- _PROBLEM_
Take the whole listing and reproduce it exactly, pictures excepted.
──────
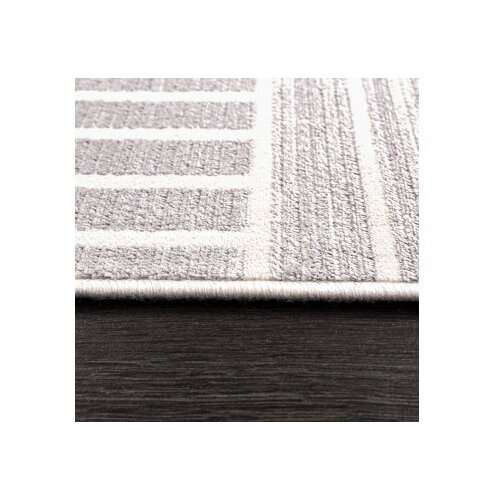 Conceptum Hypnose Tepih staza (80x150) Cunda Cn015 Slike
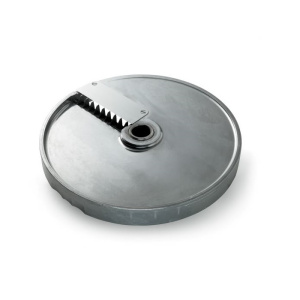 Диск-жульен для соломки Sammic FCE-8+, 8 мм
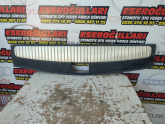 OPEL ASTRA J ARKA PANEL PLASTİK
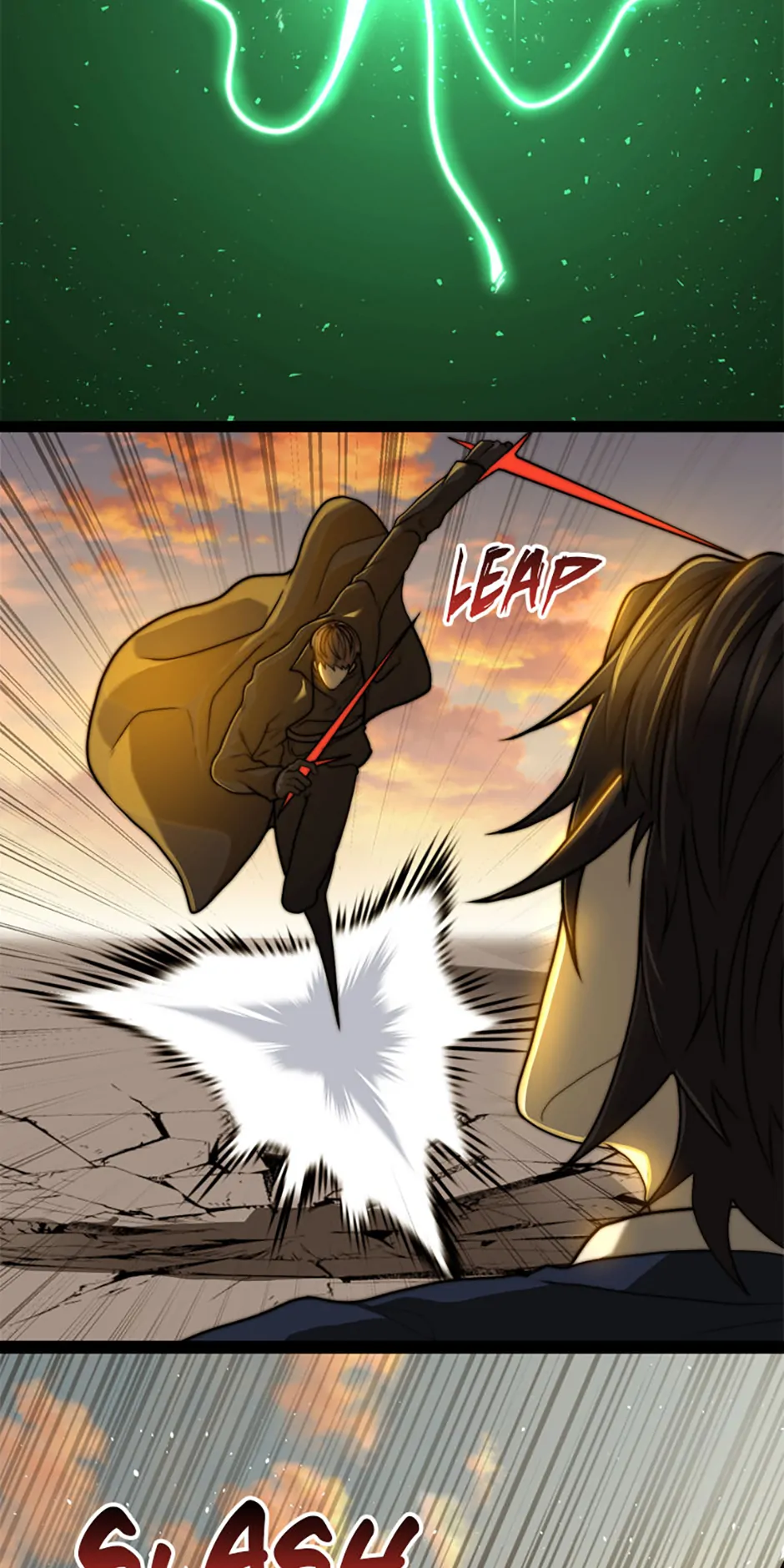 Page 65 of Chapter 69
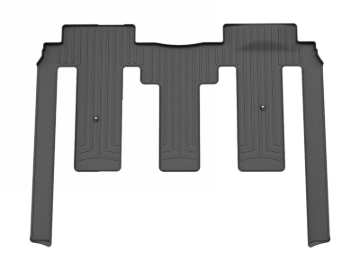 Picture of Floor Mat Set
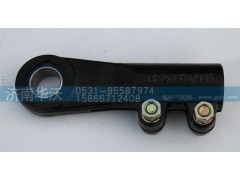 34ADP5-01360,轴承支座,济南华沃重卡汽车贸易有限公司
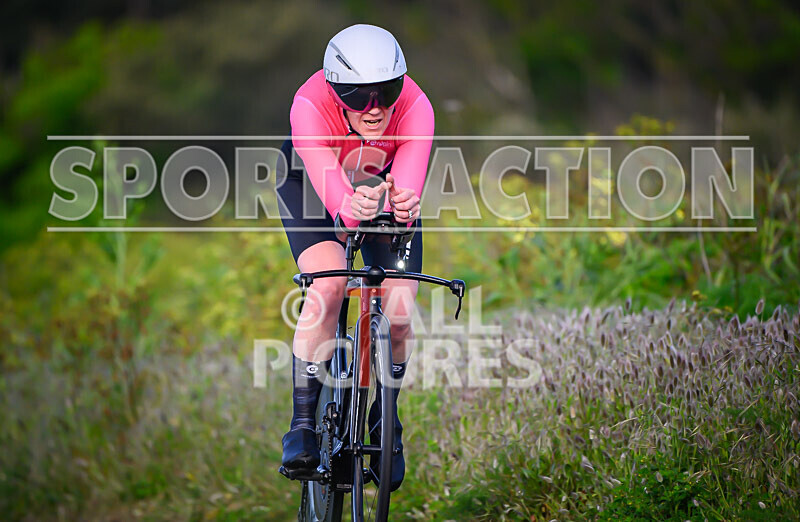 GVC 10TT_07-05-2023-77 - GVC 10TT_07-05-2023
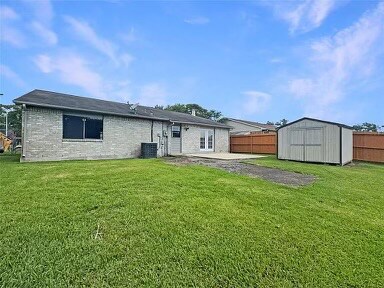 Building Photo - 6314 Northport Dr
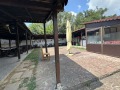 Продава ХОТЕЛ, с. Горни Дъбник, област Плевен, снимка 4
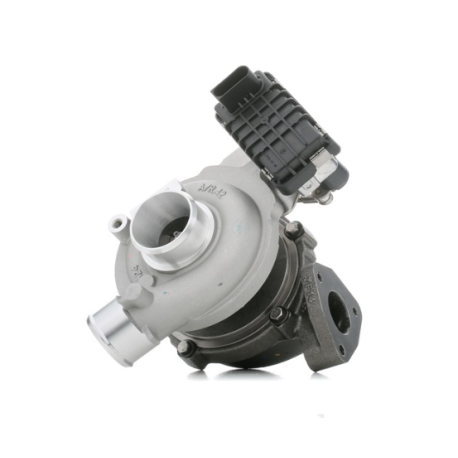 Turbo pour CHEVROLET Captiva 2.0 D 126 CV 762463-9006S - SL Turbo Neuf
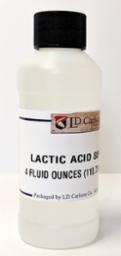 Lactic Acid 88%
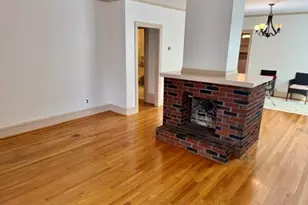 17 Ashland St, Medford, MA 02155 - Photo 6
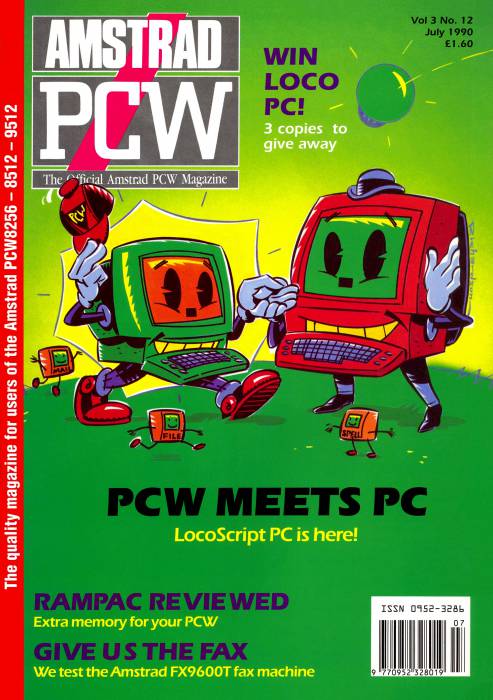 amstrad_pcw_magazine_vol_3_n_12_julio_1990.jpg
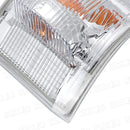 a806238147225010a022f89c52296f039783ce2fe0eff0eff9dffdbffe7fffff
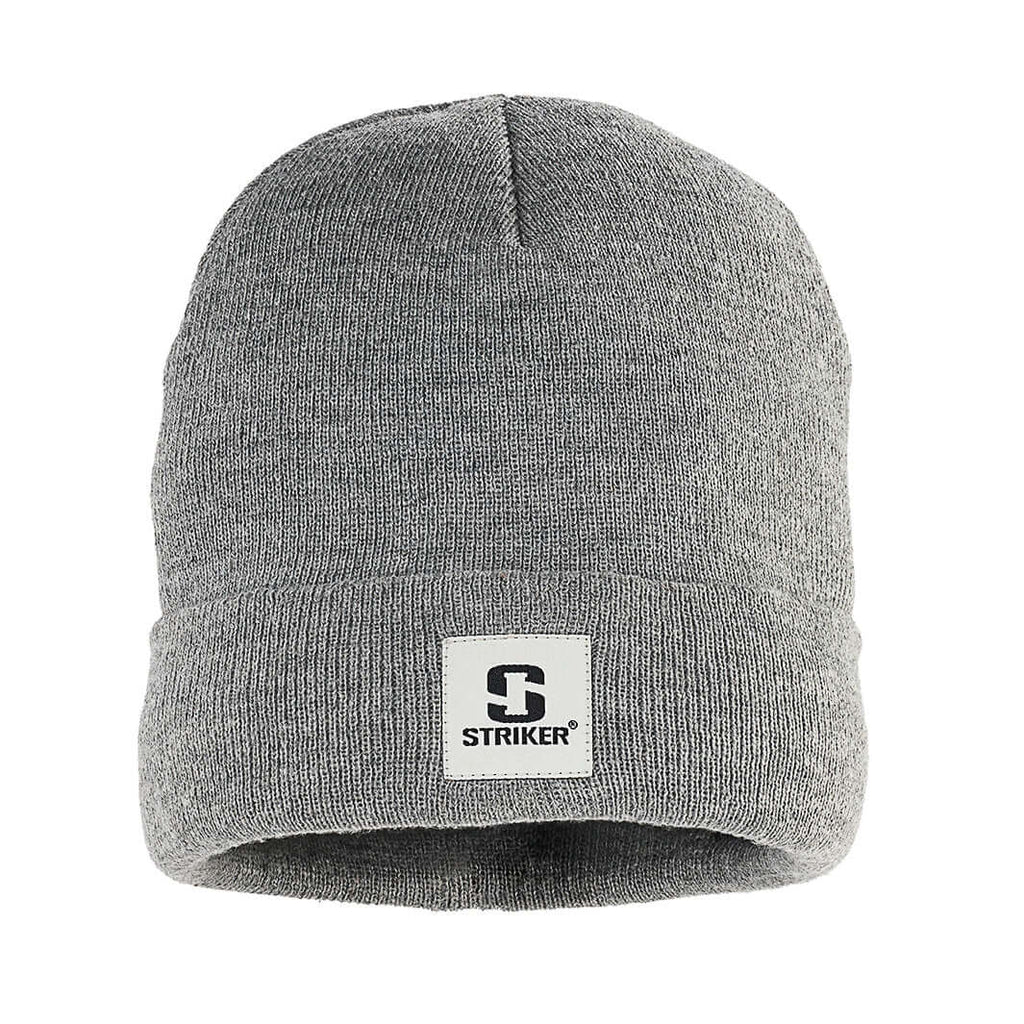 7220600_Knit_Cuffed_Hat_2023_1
──────
- _ANSWER BELOW_
 Conceptum Hypnose Tepih staza (80x150) Cunda Cn015 Slike
 Диск-жульен для соломки Sammic FCE-8+, 8 мм
 OPEL ASTRA J ARKA PANEL PLASTİK
 Page 65 of Chapter 69
 Picture of Floor Mat Set
 34ADP5-01360,轴承支座,济南华沃重卡汽车贸易有限公司
 GVC 10TT_07-05-2023-77 - GVC 10TT_07-05-2023
 Building Photo - 6314 Northport Dr
 Продава ХОТЕЛ, с. Горни Дъбник, област Плевен, снимка 4
 Turbo pour CHEVROLET Captiva 2.0 D 126 CV 762463-9006S - SL Turbo Neuf
 Lactic Acid 88%
 17 Ashland St, Medford, MA 02155 - Photo 6
 amstrad_pcw_magazine_vol_3_n_12_julio_1990.jpg
 a806238147225010a022f89c52296f039783ce2fe0eff0eff9dffdbffe7fffff
 7220600_Knit_Cuffed_Hat_2023_1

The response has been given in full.